La contesa andò avanti e, con una differente lettura nel merito, il giudice d’appello diede invece ragione all’azienda. Affermò infatti che la clausola contrattuale, a cui il dipendente diede l’ok all’inizio del rapporto:
- era precisa e dettagliata e prevedeva una prestazione lavorativa a copertura di tutti i sette giorni della settimana;
- conseguentemente, dall’accettazione si traeva la volontà di ambo le parti di di comprendere anche i giorni festivi tra quelli su cui c’era obbligo lavorativo.
Ecco perché, secondo il giudice di secondo grado, l’accordo individuale rendeva legale la conseguente sanzione per l’assenza ingiustificata.
La Cassazione conferma la sanzione per non aver lavorato nelle feste infrasettimanali
La Suprema Corte ha ritenuto corretto il ragionamento logico-giuridico del precedente giudice e ha – quindi -respinto il ricorso dell’uomo.

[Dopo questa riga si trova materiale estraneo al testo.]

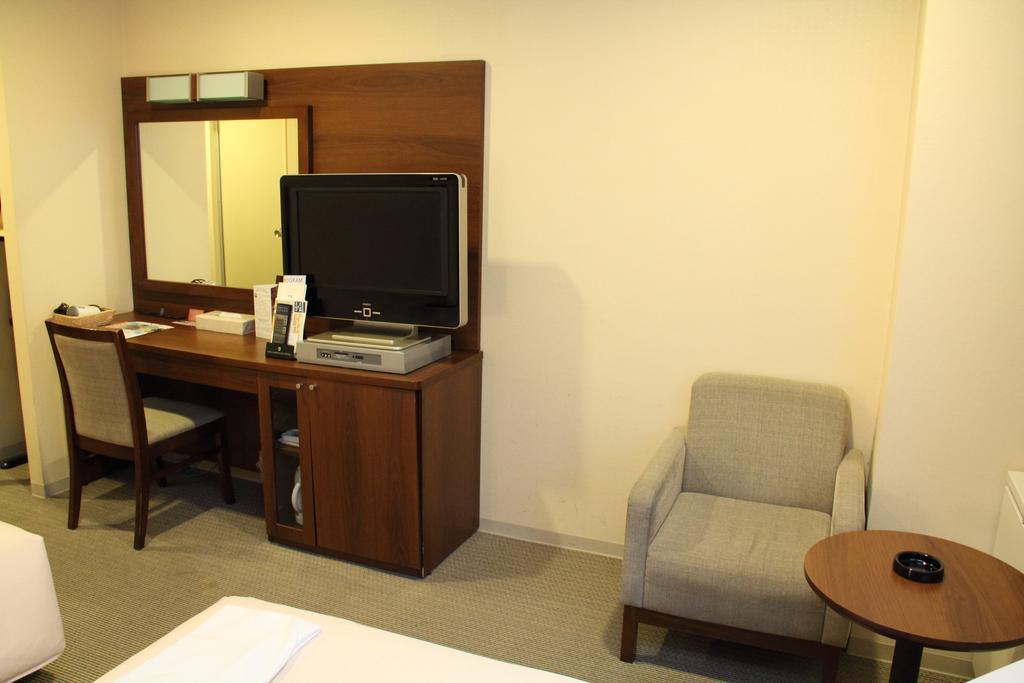 Hotel Sunroute New Sapporo Quarto foto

In particolare, i giudici di piazza Cavour hanno ulteriormente precisato che il diritto al riposo non è solo soggettivo, ma è giuridicamente disponibile. Quindi, in riferimento al lavoro festivo, può essere oggetto di rinuncia tramite accordo (individuale con l’azienda o sindacale).
Non solo. Questo accordo tra le parti del rapporto, in merito a un contratto che include un’organizzazione a turni a copertura continua della settimana (24/7), è del tutto valido e prevale su differenti successive scelte del dipendente, perché è sufficiente a far dedurre il suo consenso a obbligarsi a lavorare anche nelle feste infrasettimanali. Parallelamente, la clausola legittima la richiesta del datore.
Ricapitolando, a differenza del riposo settimanale (di solito la domenica) – diritto irrinunciabile e sancito dalla Costituzione – il dipendente può scegliere di rinunciare al riposo nelle altre festività. In questo caso, lo aveva fatto firmando il contratto e, conseguentemente, la sanzione doveva ritenersi giustificata.
Che cosa cambia
Quella sulle assenze dal lavoro – più o meno giustificate – è sempre una materia calda, come testimoniano tra l’altro le moltissime sentenze in tema di ferie (ad es. quella recente sulle ferie al posto dei permessi 104). La recente decisione della Cassazione ha ribadito che il diritto di astenersi dal lavoro nelle feste infrasettimanali è disponibile, cioè il lavoratore può rinunciarvi tramite un accordo individuale (o sindacale) chiaro, trasparente e preciso, che – con apposita clausola – esprima in modo esplicito la volontà di derogare al diritto generale al riposo festivo. Di conseguenza, il datore non può imporre unilateralmente la prestazione nei giorni di festa, se non è stato firmato un patto in tal senso.
In pratica, questo significa che se ad es. un dipendente di supermercato con turni su 7 giorni la settimana sottoscrive un contratto che include anche le festività infrasettimanali, non potrà poi rifiutarsi di lavorare a Santo Stefano o all’Epifania: un’assenza in quei giorni, pur tipiche festività civile o religiose in base al calendario ordinario, può legittimamente portare a una sanzione. Al contrario, in un ufficio con orario standard dal lunedì al venerdì, dove non è prevista alcuna clausola sul lavoro festivo, il datore non potrà chiedere ai dipendenti di presentarsi il 2 giugno o il 15 agosto: l’assenza in quelle date resta pienamente giustificata.